On Sat, Sep 15, 2012 at 09:03:04AM -0700, Greg Kroah-Hartman wrote:
> On Sat, Aug 18, 2012 at 03:58:56PM +0100, Russell King - ARM Linux wrote:
> > Okay, so EPROBE_DEFER seems to work when I build everything into the
> > kernel, but when I build a pile of ASoC drivers as modules, it fails
> > every time I've tried booting the platform so far.
> 
> Ugh, sorry for the delay in this, but this is really Grant's area, as he
> added this feature.
> 
> Actually, for some reason, I thought this was only supposed to work for
> built-in drivers, not for modules at all.  The fact that it works for
> them some times seems like an additional feature :)

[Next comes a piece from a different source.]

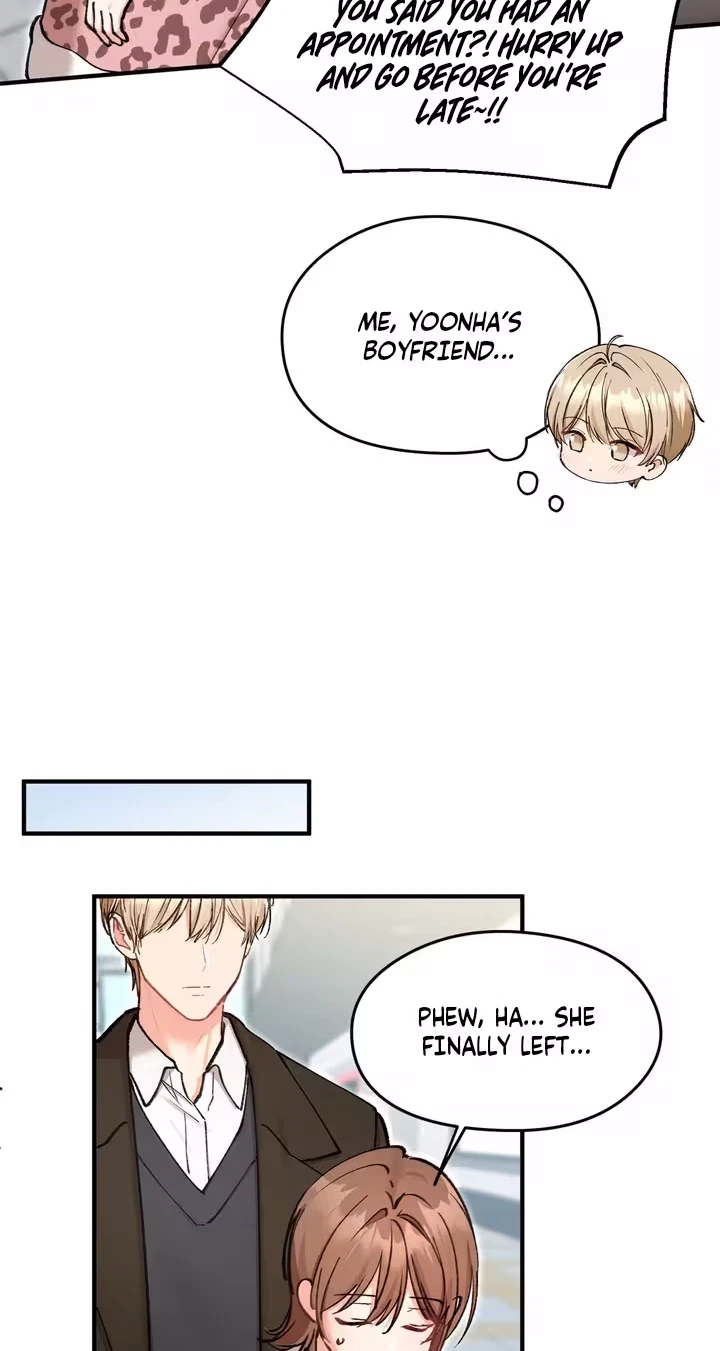 Chapter 21, page 85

It has to work for modules because there's no way to tell modprobe about
these kinds of dependencies - the modules make no direct reference to
their dependent drivers.

Think of a driver making use of gpiolib.  It makes reference only to
GPIO functions defined by gpiolib, which then redirects them to the
appropriate driver.

If upon requesting the GPIOs, it finds that the GPIOs it should be
using aren't there yet, it would decide to return -EPROBE_DEFER.
There is no direct reference to the GPIO module (which could be some
I2C peripheral also built as a module).

If you happen to have udev setup to automatically load all modules for
devices, this provides a definite case where EPROBE_DEFER sorts out the
probe ordering in this case - in theory, when the GPIO driver module
gets loaded, the GPIO-using driver will reprobe and hopefully initialize.

So, I think there's a valid use case by this for modules - in any case,
we can't really treat built-in drivers differently from modular drivers
unless we want them scattered with #ifdef MODULE...#endif stuff.